■ DATA SHOWN:
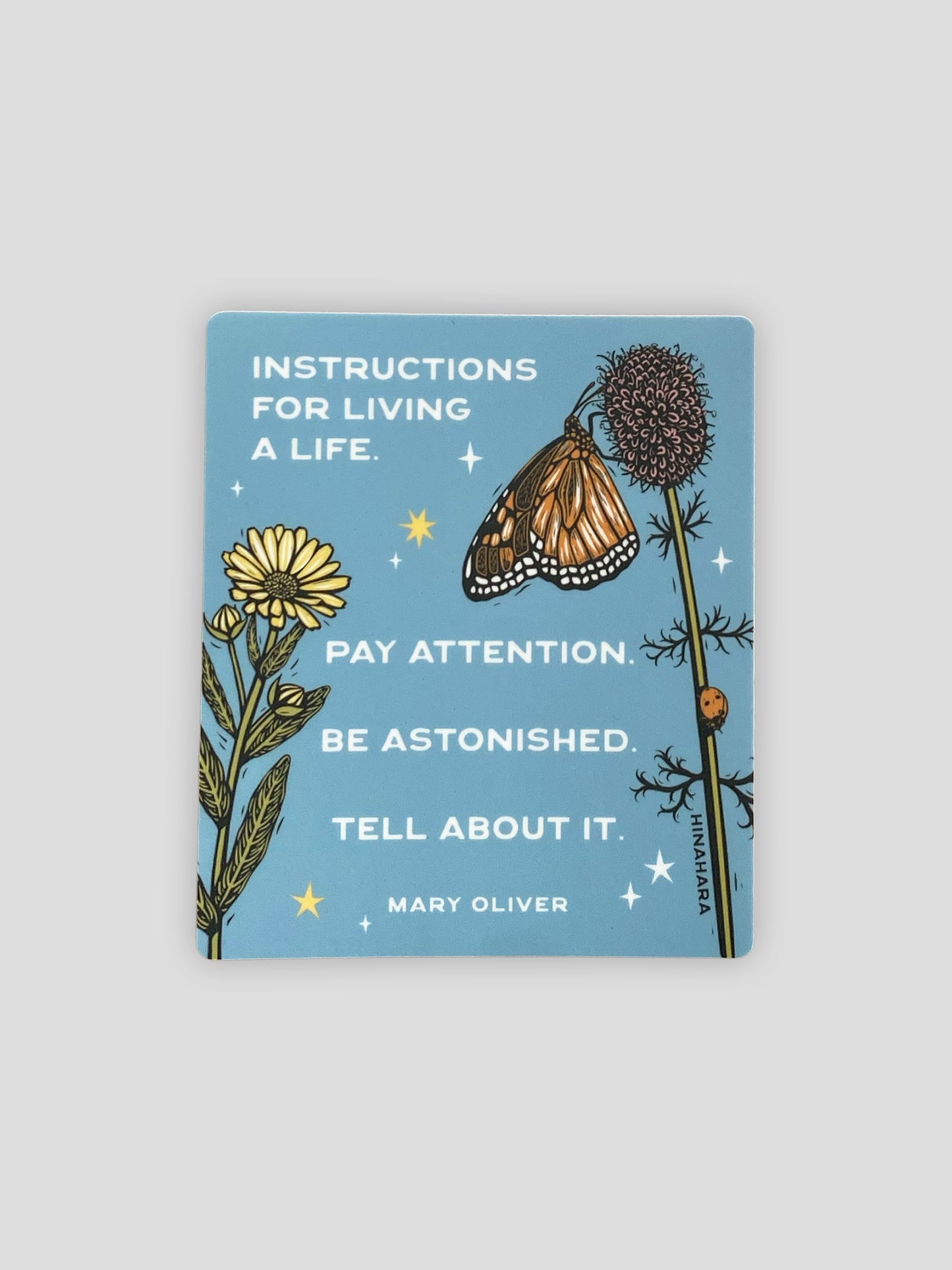 Set of 3 Rectangle Stickers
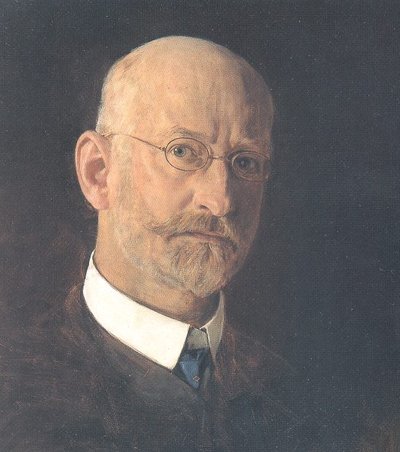 Self-Portrait by Ernst Platz by Ernst Platz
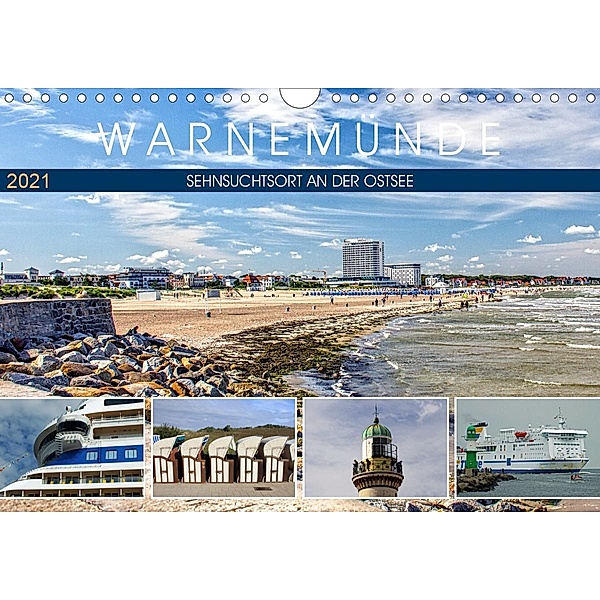 Warnemünde - Sehnsuchtsort an der Ostsee (Wandkalender 2021 DIN A4 quer), Holger Felix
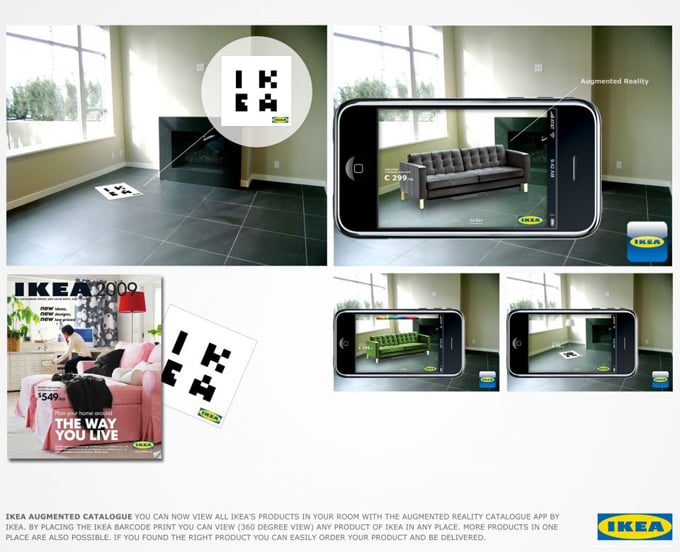 Un nouveau canapé, oui mais est-ce que ça rentre ? facile avec le catalogue Ikea pour Iphone par Marlon / Reinier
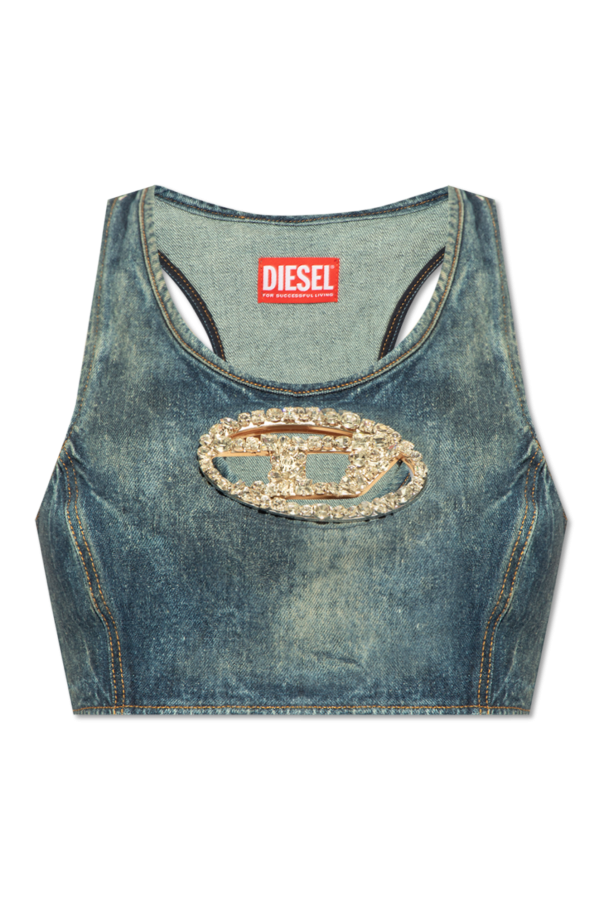 Diesel Krótki jeansowy top ’DE-TOP-FSE’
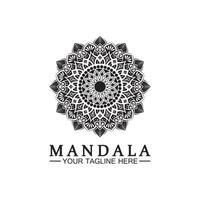 plantilla de vector de diseño de logotipo de mandala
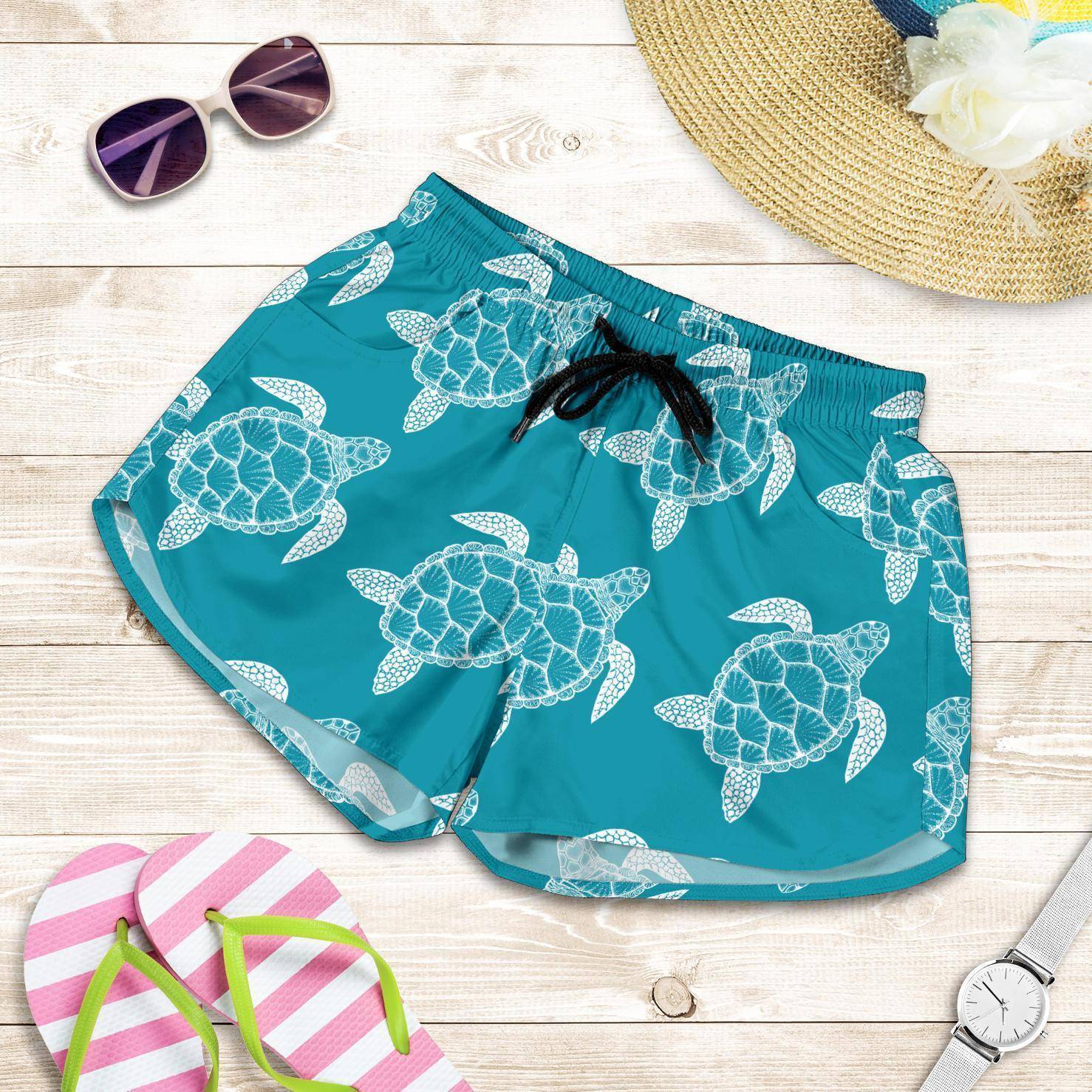 Cute Sea Turtle V 3 Shorts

■ TASK DESCRIPTION: From the line holding "plantilla de vector" to the final line of the data above, give each line again exactly, both ends included, and drop the pictures.

■ COMPLETED TASK:
 plantilla de vector de diseño de logotipo de mandala
 Cute Sea Turtle V 3 Shorts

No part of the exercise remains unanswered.